* Provided data *

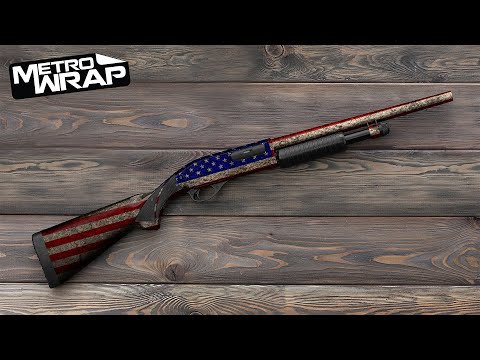 Shotgun Patriotic Purple Flag Gun Skin Vinyl Wrap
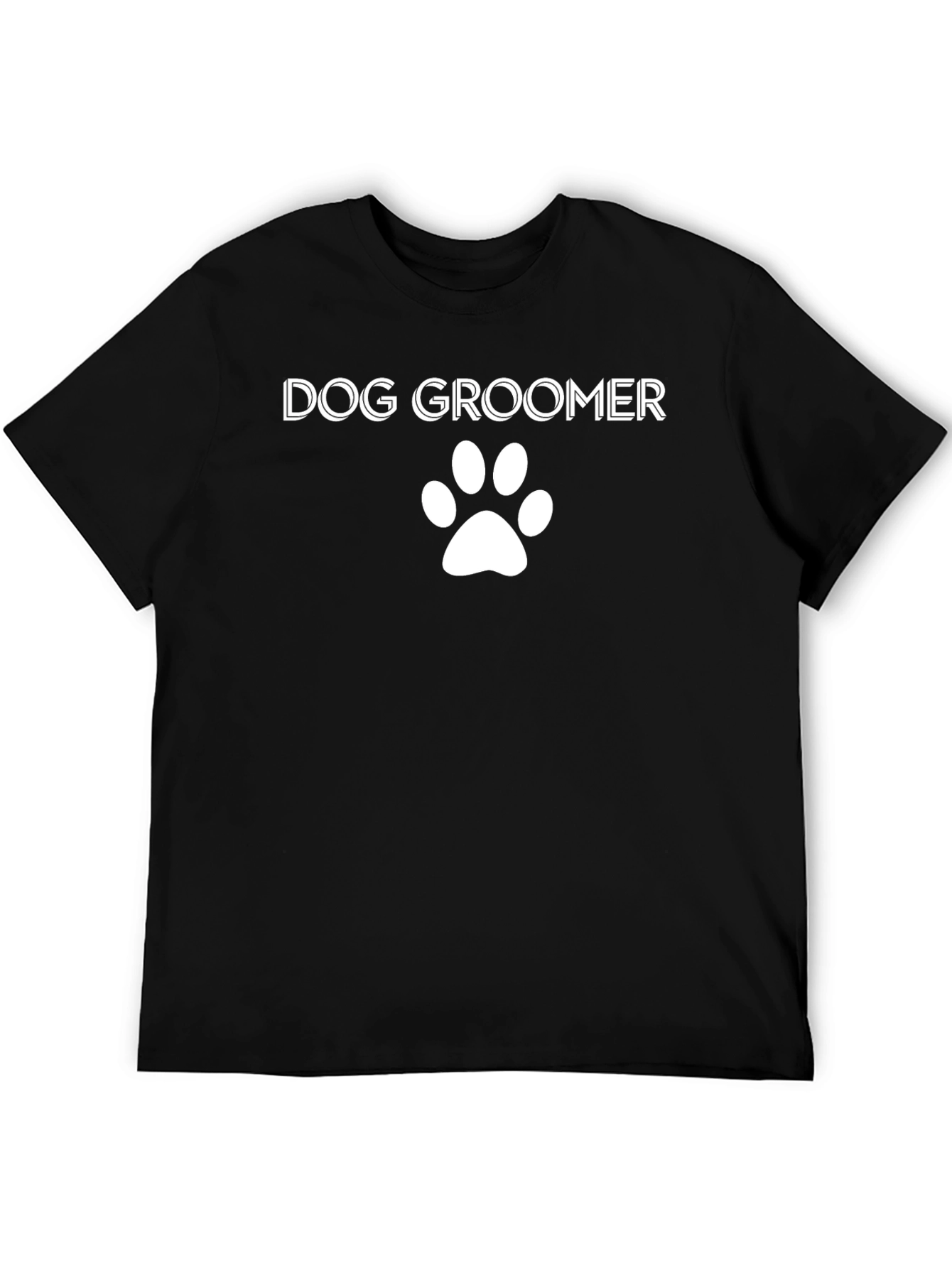 Dog Groomer Paw Print T-Shirt - Black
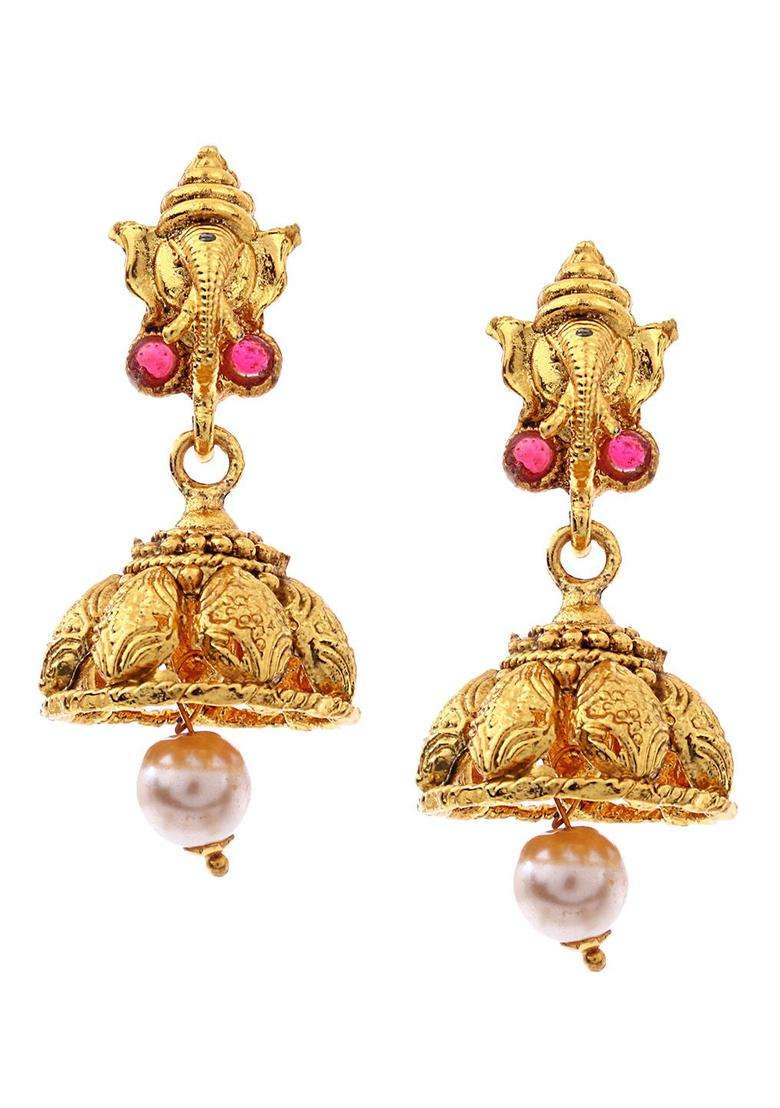 Gold-Plated Stone-Studded & Pearls Beaded Jewellery Set for Women | Traditional Temple Jewellery for Wedding & Festive Wear | Gift for Her - Indya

* Task requirements *
What's needed is every line above, retyped exactly and free of pictures.

* Solution for this problem *
 Shotgun Patriotic Purple Flag Gun Skin Vinyl Wrap
 Dog Groomer Paw Print T-Shirt - Black
 Gold-Plated Stone-Studded & Pearls Beaded Jewellery Set for Women | Traditional Temple Jewellery for Wedding & Festive Wear | Gift for Her - Indya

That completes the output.